> **DATA RECORDS**:

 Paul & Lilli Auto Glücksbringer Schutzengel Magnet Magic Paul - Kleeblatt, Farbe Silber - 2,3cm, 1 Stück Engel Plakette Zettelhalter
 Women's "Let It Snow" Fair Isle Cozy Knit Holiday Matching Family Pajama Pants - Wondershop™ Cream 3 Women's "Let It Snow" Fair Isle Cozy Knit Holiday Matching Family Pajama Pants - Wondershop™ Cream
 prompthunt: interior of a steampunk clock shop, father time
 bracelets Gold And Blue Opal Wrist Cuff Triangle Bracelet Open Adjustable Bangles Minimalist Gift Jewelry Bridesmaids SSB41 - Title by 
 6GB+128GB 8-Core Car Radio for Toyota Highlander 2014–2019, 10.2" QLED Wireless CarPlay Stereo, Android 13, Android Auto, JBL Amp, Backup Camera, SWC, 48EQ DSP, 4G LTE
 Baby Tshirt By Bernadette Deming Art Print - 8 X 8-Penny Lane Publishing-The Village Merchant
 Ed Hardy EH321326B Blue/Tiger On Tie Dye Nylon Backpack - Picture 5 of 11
...
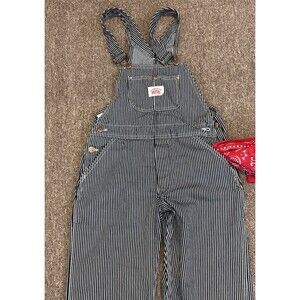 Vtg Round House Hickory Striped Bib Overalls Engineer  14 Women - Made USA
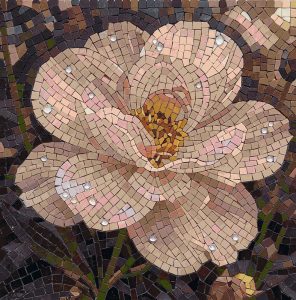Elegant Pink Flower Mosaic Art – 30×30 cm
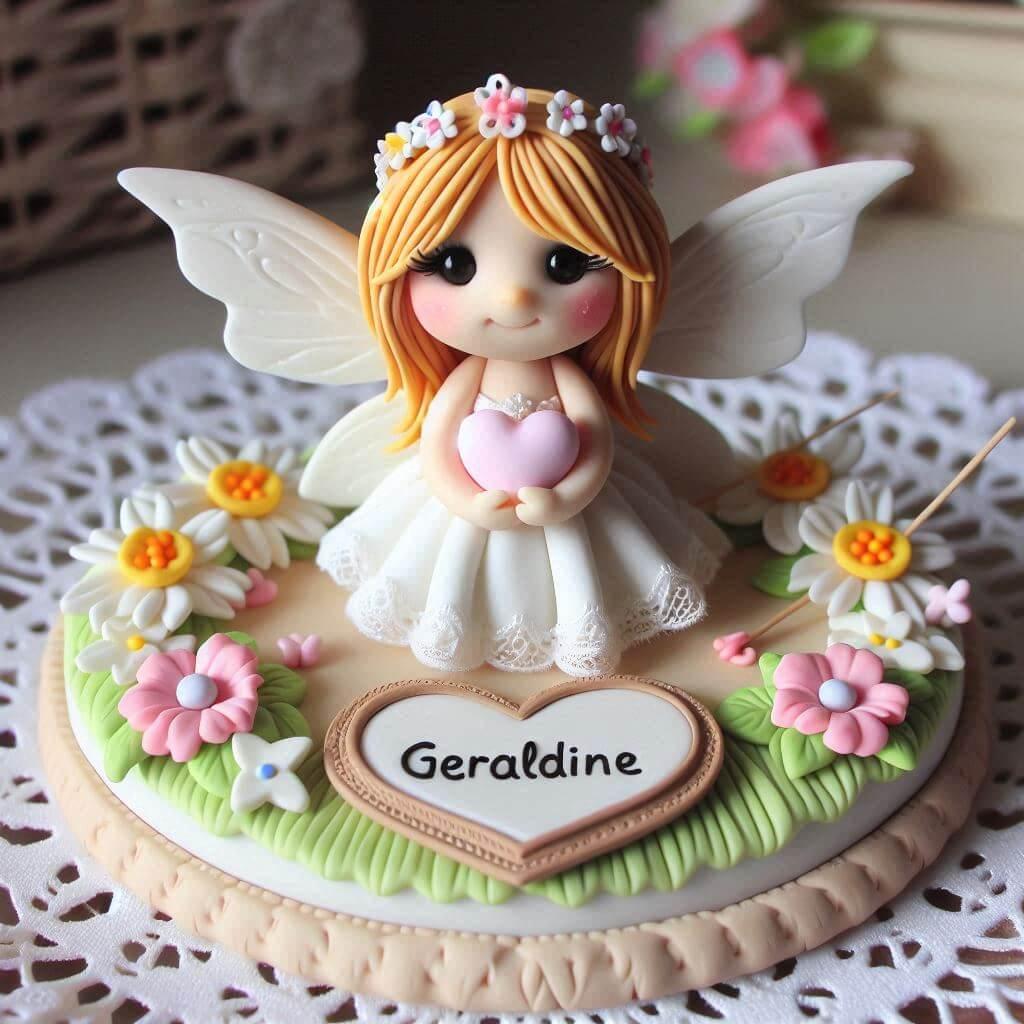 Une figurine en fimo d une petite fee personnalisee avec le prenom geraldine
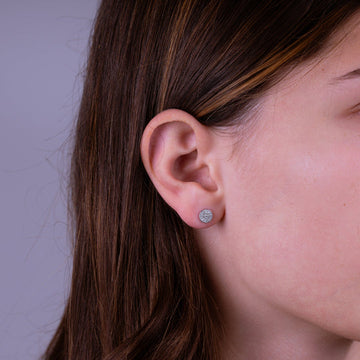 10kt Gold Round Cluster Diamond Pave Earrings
...
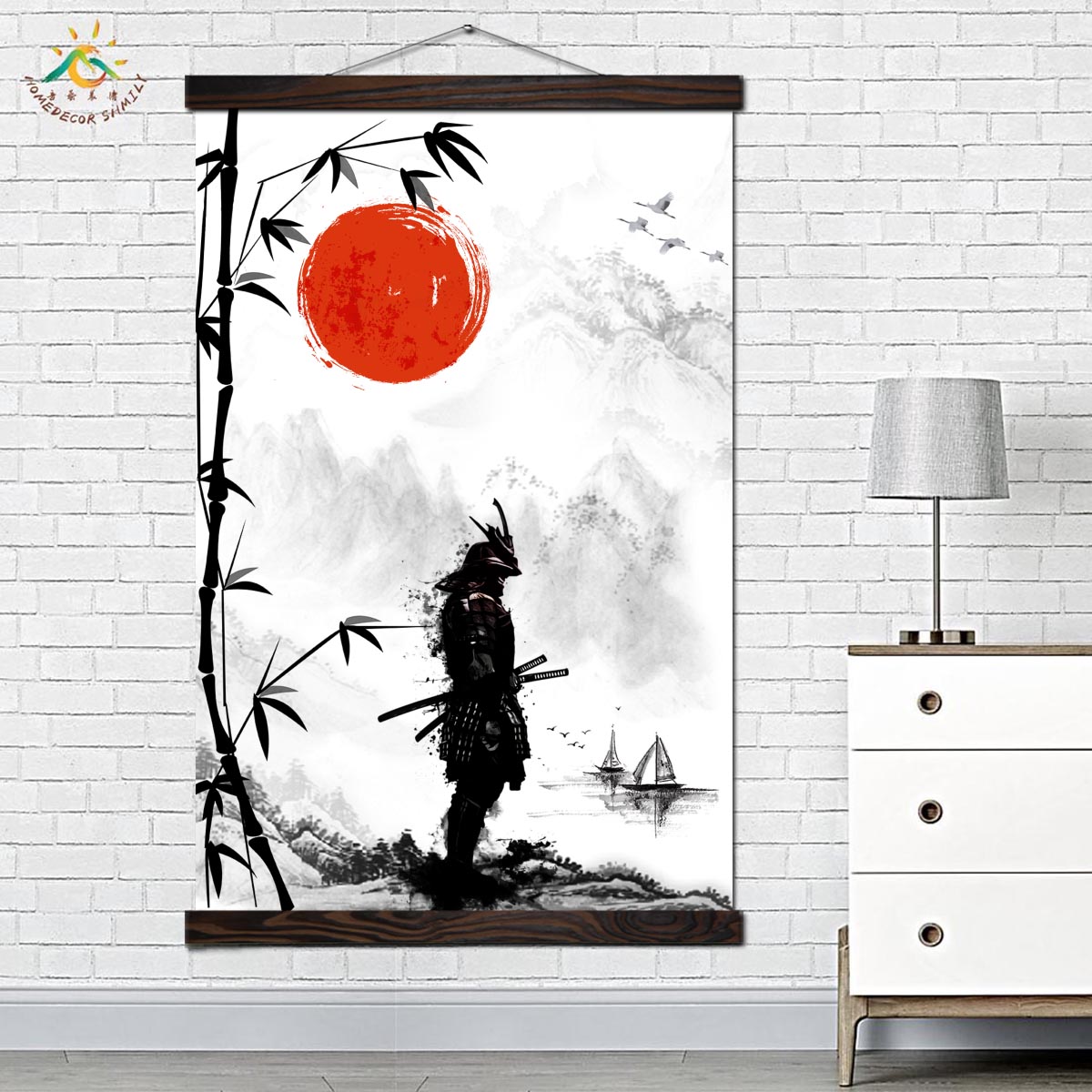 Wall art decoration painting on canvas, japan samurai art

> **WHAT THE TASK ASKS**:
I'd like the lines above from the one with "Paul & Lilli" up to and including the one with "Wondershop™ Cream 3" copied exactly, with no other lines.

> **THE ANSWER**:
 Paul & Lilli Auto Glücksbringer Schutzengel Magnet Magic Paul - Kleeblatt, Farbe Silber - 2,3cm, 1 Stück Engel Plakette Zettelhalter
 Women's "Let It Snow" Fair Isle Cozy Knit Holiday Matching Family Pajama Pants - Wondershop™ Cream 3 Women's "Let It Snow" Fair Isle Cozy Knit Holiday Matching Family Pajama Pants - Wondershop™ Cream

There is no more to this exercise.